§ **REQUIRED WORK**
All of the listing is to be written out word for word, with the pictures left out.

§ **STORED DATA**
┌──
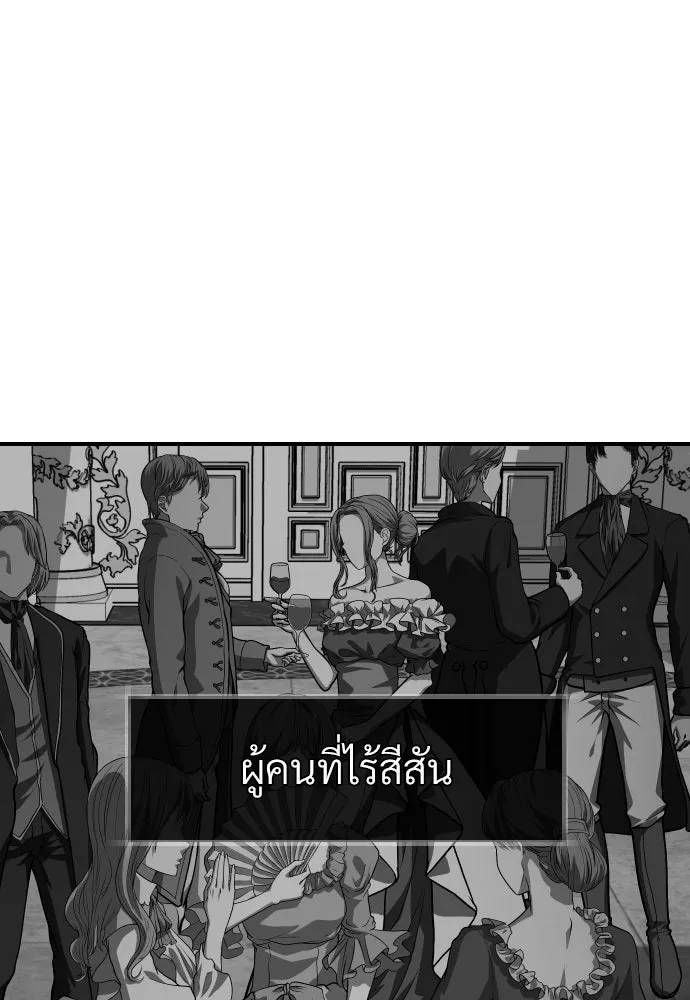 จักรพรรดิคลั่งรักที่เด็กกว่าฉันพันปี ตอนที่ 7 รูปที่ 47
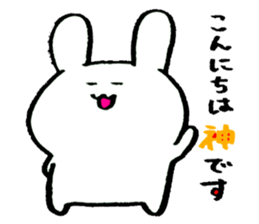 usasasasa sticker #3128467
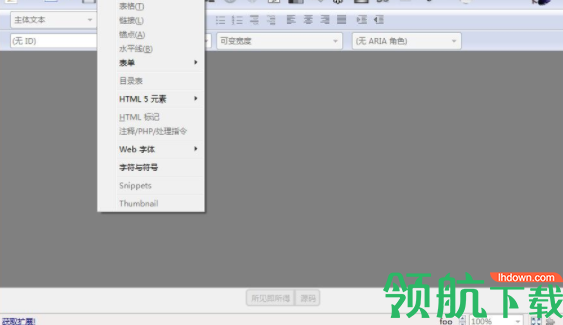 bluegriffon网页设计工具官方版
└──
§ **EXERCISE RESULT**
 จักรพรรดิคลั่งรักที่เด็กกว่าฉันพันปี ตอนที่ 7 รูปที่ 47
 usasasasa sticker #3128467
 bluegriffon网页设计工具官方版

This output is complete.